Well, we've come to the end of the road on the Letterpress Trail for this summer, and it ends in Rochester, New York. Hold on to your hats because there's so much type in this post that it's a little mind blowing. While Jo was distracted with family, slip n' slides and ice cream, I headed over to Rochester to visit Amelia at the Cary Graphic Arts Collection, part of the library at RIT. Feeling a little homesick for the City That Works, Amelia kindly pulled type specimen books from my fair city, largely from Barnhart Bros. and Spindler. Their first building was a block from where Mr. Starshaped's theater (the Shubert) is today.

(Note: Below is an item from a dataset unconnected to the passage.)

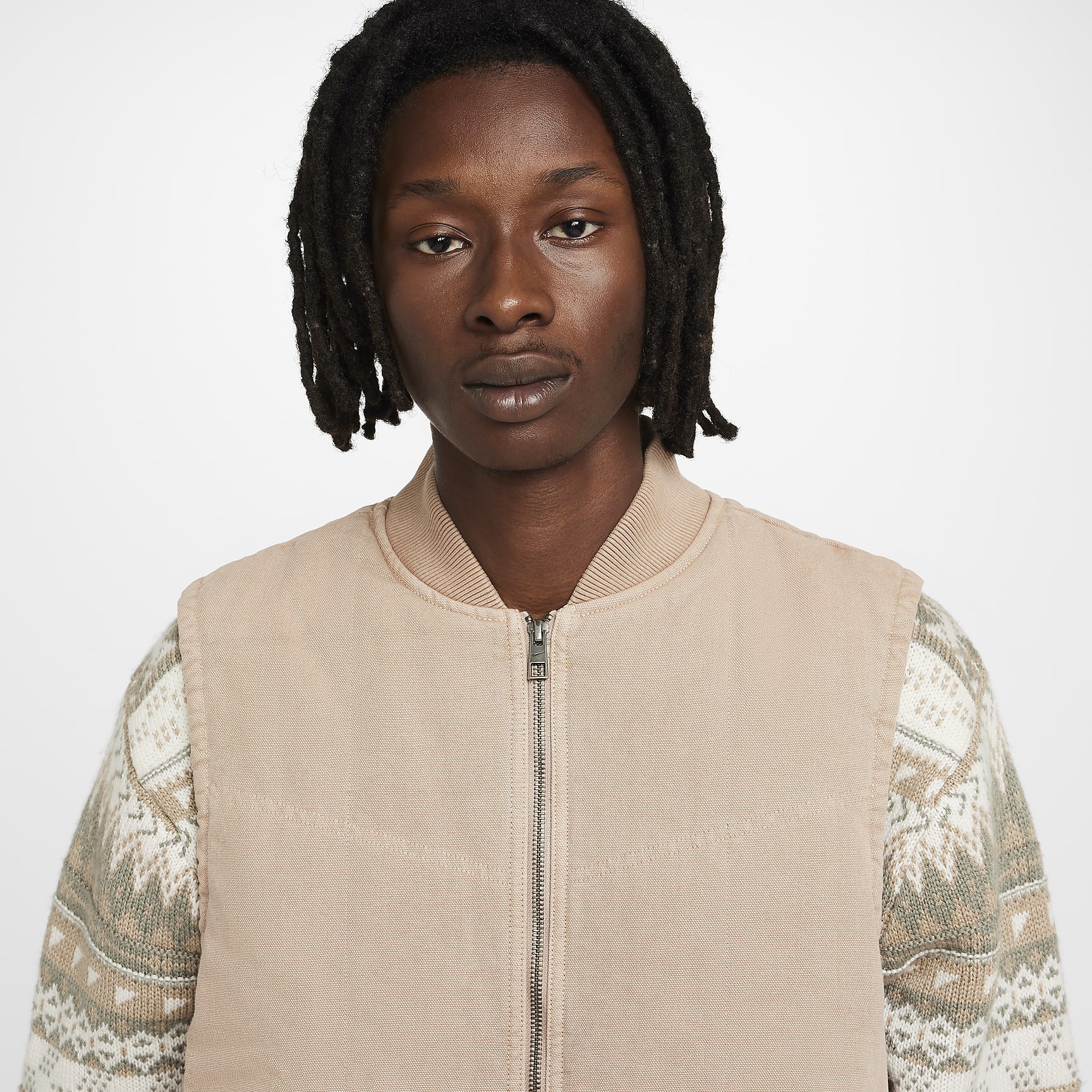 Nike Life Men's Padded Work Vest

What a treat. What follows are some poor photos (in the interest of preserving bindings) of some of the type I found that I both already have and that which I might die for. We'll start with what I already have in the studio and was happy to confirm as Chicago-born:
While I don't have Lightface Era per se, this was a precursor to Pastel, a typeface that I do have in the studio, and one that was popular for silent film intertitles. Here's a sample of what we've done with it.

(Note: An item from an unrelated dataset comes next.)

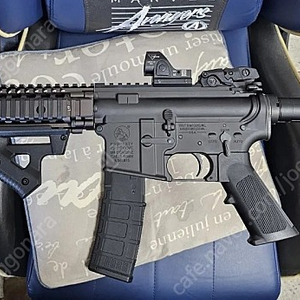 건스모디파이 MK18 MWS 판매합니다(GBB)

And here's one that features a cyma, or tilda-like squiggle that fills the space next to a capital L (thanks, Nick). You can often find these in hand painted signs and occasionally in the stone signage of apartment buildings around Chicago.
I also found a great ad for the rule bender we currently have on loan from the Platen Press Museum. This handy tool will bend rules to create curved lines in print. For $20...what a steal!

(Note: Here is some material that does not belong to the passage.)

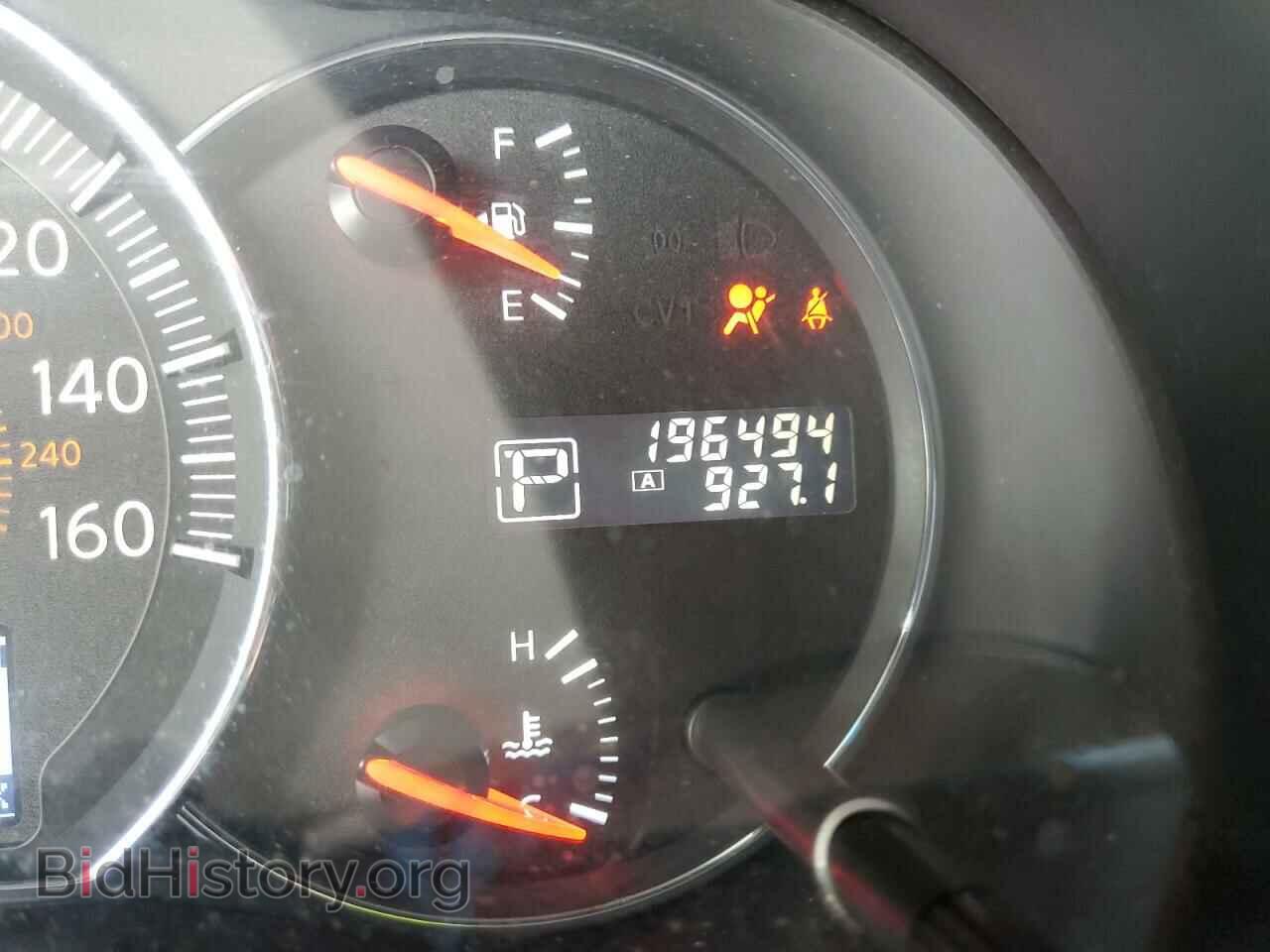 2012 NISSAN MAXIMA - VIN: 1N4AA5AP2CC826741 - Фото 8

As if that wasn't enough type to delve into, Amelia then pulled out just a tiny bit of their collection of Albert Schiller's work. His ornamental print work makes me want to pack it in. So clever and beautifully printed.
This is THE press, which is currently being restored.
After an overwhelming visit to RIT, I made my way to Virgin Wood Type, the second of two wood type makers on our Trail. It was great to see Geri and Matt again; here's their humble pantograph in the middle of cutting a new font.
Then Geri and Matt took me over to Rochester's Book Arts Center in the Genesee Center for the Arts. What a great facility!
Our last stop on the trip is a sentimental one. Ten years ago Mr. Starshaped and I were married at the Genesee Country Village, a complete historic village that includes a print shop. I try to get Jo there every summer to explore.
Their quirky prints are everywhere around the village and are a delight to see. They are also available for purchase and if you're lucky, someone is around the day you visit to show you how the hand press works.
That's it for our 2014 Letterpress Trail, though it's certainly not an end to visiting more shops as the year progresses. We've got some plans for 2015 already. In the meantime, it's back to the shop with a ton of new treasures to get on press.